*Exercise description*.
Copy whichever lines of the data hold the word "Retreat".

*Records for the task*.
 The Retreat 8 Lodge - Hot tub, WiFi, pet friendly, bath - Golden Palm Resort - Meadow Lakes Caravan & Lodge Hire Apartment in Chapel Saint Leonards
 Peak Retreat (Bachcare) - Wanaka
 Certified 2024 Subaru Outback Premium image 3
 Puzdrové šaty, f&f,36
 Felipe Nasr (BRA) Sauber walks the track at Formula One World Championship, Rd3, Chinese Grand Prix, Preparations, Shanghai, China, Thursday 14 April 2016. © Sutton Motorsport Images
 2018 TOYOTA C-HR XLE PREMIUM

*Answer section*.
 The Retreat 8 Lodge - Hot tub, WiFi, pet friendly, bath - Golden Palm Resort - Meadow Lakes Caravan & Lodge Hire Apartment in Chapel Saint Leonards
 Peak Retreat (Bachcare) - Wanaka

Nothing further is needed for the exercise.